Operation Heart of the Home : Cabinet Door edition…
I am not gonna lie…redoing a kitchen while 30 weeks pregnant and with a two year old in the midst of photography season with a spouse that is home and awake only two hours each night is excruciatingly slow. Oh and did I mention that sometimes I just freeze up? No literally. Because of the sciatica pain, I have a dozen daily freeze-ups. The pain is so severe in my bootie, back and legs that literally I am stuck in a position…not able to move a muscle or shift in any way. Will thinks it’s funny. Like I am doing the robot-dance. I on the other hand find myself taking FOREVER to do the simplest task…so you can imagine that this robot is uber slow at working on a kitchen reno. Feel free to skip these posts if the process is too slow…it’s just the pace at what we can do while still doing fun stuff like eating and sleeping.
So last we chatted, Jeremy spurred on the kitchen process by removing the upper cabinet over the stove.
And while he did that, I decided that I could take down the doors and remove the hardware from them to prep them for…well…prepwork.
Most of the doors were really simple to remove. I just used a phillips head screwdriver and started taking off the doors and drawer fronts.
Lovely me in my jammies, no makeup and complete with crazy hair and belly rolls. Keepin’ it real. You are lucky I am wearing a bra. And not my bathrobe like in this post.
And after I got them all down and took off the hardware, our kitchen looked way crazy and cluttered. I could never live with fully open shelving. I need my doors. They hide my shame.
In the morning, I decided that I had to do some Will-prep. Note…he is probably not your average two year old when it comes to messing with stuff. He knows that he’ll get put in time-out if he even touches a cabinet door…so with all these doors gone, I was hesitant to let him in there.
All of our glass stuff is up high, so that definitely helped.
All of our cleaning supplies we keep under the sink…and he is only allowed in there when he ‘helps’ do the dishes. He’s allowed to get one of our dishwasher tablets out for me to unwrap and then he gets to put it in the dishwasher. But other cleaning supplies? Um no. So that was the first thing I cleaned out. I figured that gambling wasn’t something I was up for…so I took one of those giant plastic storage bins and loaded it up with all the cleaning items and locked the top on.

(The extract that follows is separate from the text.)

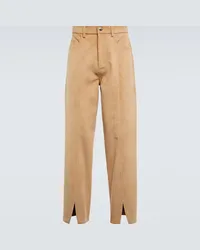 Nanushka Pantaloni in suede di pelle rigenerata Beige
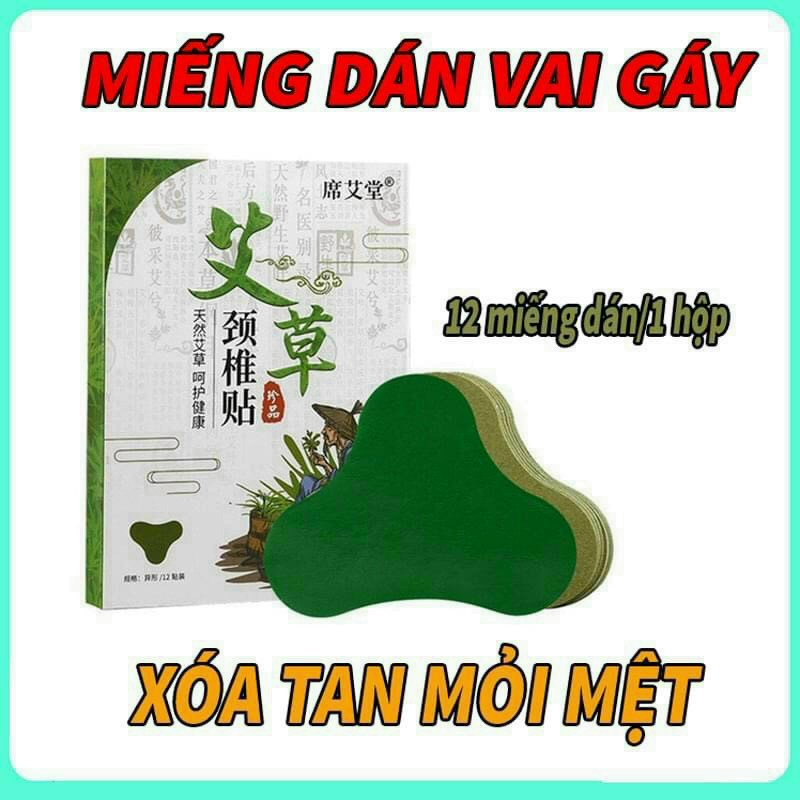 Hộp 12 Miếng Dán Ngải Cứu Cổ Gáy Giảm Đau Cổ Vai Gáy, Thải Độc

The rest of the kitchen we simply walked around together (is it still walking when Mommy can shuffle at the speed of a snail?) and talked about how we don’t touch anything inside the cabinets.
By the time we got to the end, he was over it (and more interested in the bag of popcorn).
I think I must have said “No touching these pots” and “No touching these bowls” and “No touching this black thingie” a million times. So far, the message must have stuck. I don’t put anything past him though. I’ll let you know if he decides he’s in charge of the small appliances.
Out of 56 doors and drawer fronts total, I was able to remove 51 of them. Apparently 5 of them are either glued or nailed on. We figured that those five we would be able to paint in place. Not ideal but the idea of repairing or replacing them wasn’t in the cards for us.
I did my best to keep all the hardware sorted too. I was worried that we would screw up (haha…punny!) the different size screws or lose one crucial hinge…so I just used gallon size bags for the majority of stuff and laid the cup pulls on a cookie sheet to keep them from banging one another.
I did find one door with a maker’s info sticker…I guess if we ever need to find the exact same ones, this would definitely help.
We also found a finish characteristics sticker. It was funny to us that it said “There are inherent characteristics of the finish, and the aging process adds to the unique appearance of the cabinetry.” Same applies to humans
So in the end, it only took us one evening to take them all down and remove all the hardware. Seems like a tiny task huh? Yeah…I think that is just fore-shadowing of this kitchen process. It’s oh so glamorous.